Extremes exist on both ends. Both cultureswhether we neglect or pamper. This isn’t about that. This is about what happens to a heart turned cold.

Many nights on the ranch, we cooked our meals outside, in the open air. We built fires and sat around them enjoying food, rest, and good stories from the day. Smells travel far on desert wind, and we often had uninvited guests on these nights. Strays looking for their next meal, their next comfort.

A few of those homeless dogs who found their way to the ranch we adopted and took them into our pack. But we had trouble with them eventually as they never fully lost their street sense. On occasion, they would attack the farmer’s livestock and damage our relationships with our neighbors. So, we stopped taking them in.

Our own dogs, two German Shepherds, helped with border control. We never trained them, they just lived off our cues.

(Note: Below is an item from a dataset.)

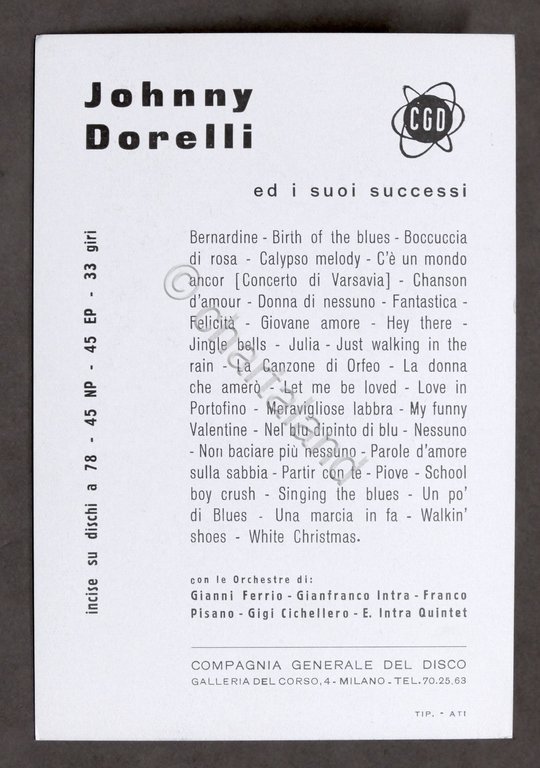 Cartoncino pubblicitario Dischi CGD - Johnny Dorelli - anni '60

When a stray dog came onto the property, our dogs would determine how to respond by our actions. If we welcomed the animal, they would too. If we yelled to scare them off, the chase would ensue. Most often, the strays high-tailed it off the property. Our dogs would stop at the fence line and then return to the fire, a job well done.

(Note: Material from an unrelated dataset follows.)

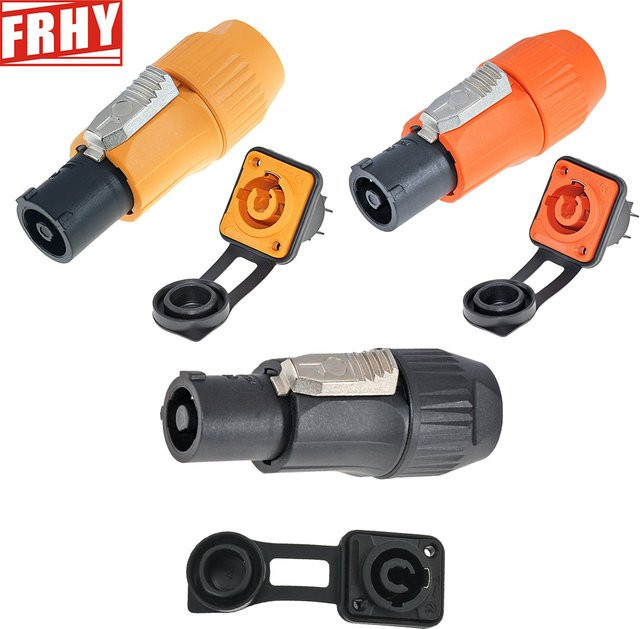 FRHY Powercon Adapter Set 3-Pin 20A 250V Stecker und Buchse für Panel Mount, IP65 Wasserdicht mit Locking-Funktion, braun - Bild 1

When the work day began next morning, we’d shore up our fences and tighten our barrier against further intrusion.

One day, however, things went all wrong. I can still see the dog without effort, even years later. His image embedded in my thoughts. Rooted there to remind me of something eternal. The dog was a tan and black terrier cross, with desperate eyes. He came onto the property slowly. Slinking from the fence line, closer and closer to the warmth and smells and laughter of the circled fire.

When he got too close, I stood. My dogs came to attention. And when I yelled, “Yaah, get out of here!”, our dogs took up the chase. But the visitor did not run like most. Instead, he cowered. Curled himself in a ball while the large shepherds barked and nipped at him. He growled and nipped back, but would not be moved.

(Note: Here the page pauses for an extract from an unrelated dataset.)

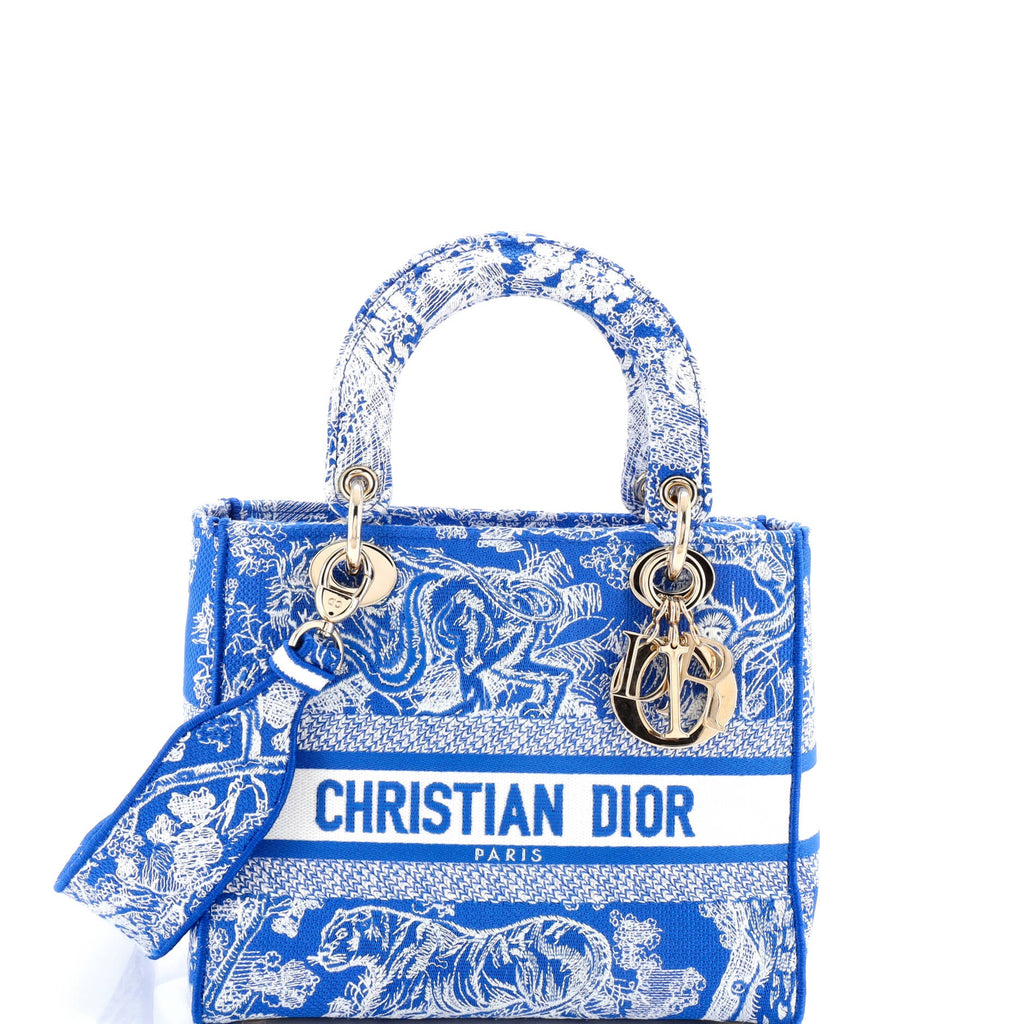 Toile de Jouy Lady D-Lite Bag Embroidered Canvas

I stepped closer and reached down for a stone. The people taught us that if you are afraid of a street dog, just pretend to pick up a stone and they will run off. They know stones.

When I faked the motion, the intruder ran a few paces toward the fence, then crumpled again in the dirt.

“Get out of here,” I yelled with little response, except to rile my own dogs more.

In one final effort to be free of the trespasser, I launched the rock in my hand. Never had I had such precision in my aim or even considered the consequence of my actions. The stone found its mark and the crouched dog let out a yelp. A bitter cry from a heart of despair.

I froze in place. Dropped my arms and cried for the choice I had made. Maybe you think it’s no big deal, or you empathize with my heartache. Either way, think about the questions I considered …

What am I doing? How—how in heaven’s name—did I get here? And when did throwing rocks become justified in my mind?

I called my dogs off and approached the intruder. He remained huddled on the ground, but barred his teeth expecting the hurt to continue. But he didn’t move. Because when you have nothing left, how do you give up on the only string of hope you have?

“I’m sorry,” I whispered. “I’m so sorry. It’s okay. You don’t have to be afraid.”

Then I gave him something to eat, and he never came back. But I haven’t forgotten him.

The outcast. The exiled. The unclean. Pushed to the borders and left to starve—physically, emotionally, spiritually. And we wonder why they huddle in the streets and on the corners. Why they curse and snarl, and sometimes steal. We wonder how they got there, and how we came to the place of shutting them out. Or even throwing the stone in our hand. How?

I was not who I imagined myself to be.

Why do you enter my gate when I don’t want you here? Why do you refuse to leave when you make me so uncomfortable? I have nothing for you.

Ah, but I do.

I have a shoe-box and a cloth. I have tissue paper and an eye dropper. I have a gentle hand to heal your wounds and a smile to calm your fears. And I have the One to give youone much better at loving you than I am.

The one who removes stones from hands and hearts.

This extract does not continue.